Avendo vissuto una vita da atleta professionista ed essendo ora da coach, mi preme perciò precisare meglio alcuni aspetti relativi al ruolo dello sport coach nell’affiancare gli sportivi nel raggiungimento dei loro obiettivi e nell’aiutarli ad esprimersi al massimo delle loro potenzialità.
Il ruolo dello sport coach è assolutamente proiettato a guidare l’atleta in un percorso di conoscenza profonda delle proprie risorse, anche mentali, per poterle così sfruttare al meglio, ampliarle, arricchirle e per poter di pari passo restringere i confini di quelli che possono essere attuali limiti o aspetti depotenzianti.
Priorità assoluta è fornire all’atleta strumenti utili per ampliare le frecce al proprio arco lasciandogli assoluta libertà di utilizzo degli stessi; è solo quando il guerriero sa come usare i suoi dardi ed ha arricchito al meglio la sua faretra che può dare il meglio di sé.

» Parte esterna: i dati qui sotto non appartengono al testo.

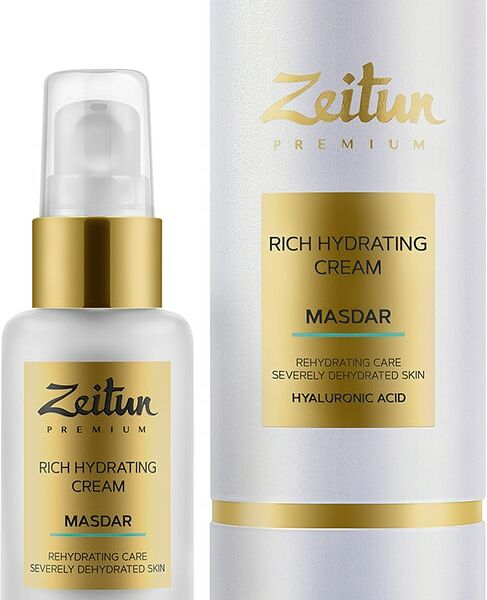 Крем для лица Zeitun Masdar насыщенный увлажняющий для сильно обезвоженной кожи 50мл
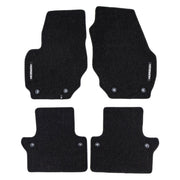 Velours Fußmatten für Volvo S80 II 2006-2016 Autoteppich Automatten Schwarz 4tlg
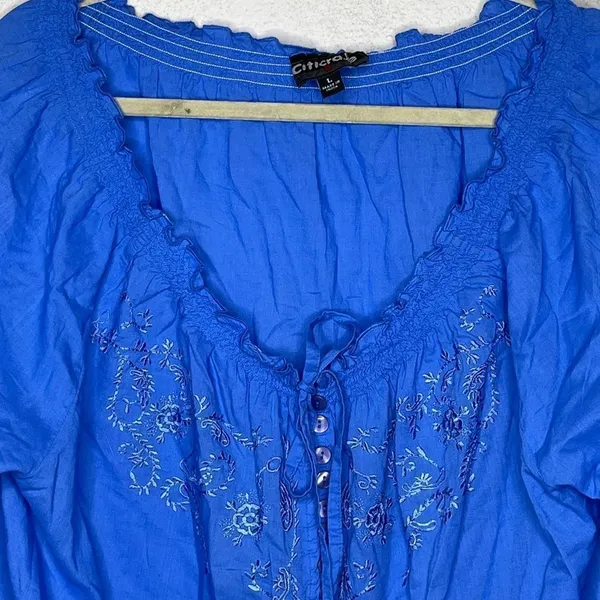 Citicraze Top‎ Blue Size L - Image 2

Altro aspetto fondamentale è che il rapporto di collaborazione che si viene ad instaurare tra atleta e sport coach mira a facilitare il raggiungimento dell’eccellenza sulla base di una necessaria autonomia sconfiggendo fin da subito il rischio di una dipendenza dell’atleta dal proprio coach.
Da ex atleta, che durante la sua carriera ha sentito profondamente la mancanza di un professionista del mental training che la aiutasse nel modo giusto ad allenare anche la mente, sento di poter affermare con forza che un vero sport coach è fondamentale per essere ancora più efficaci coach di sé stessi.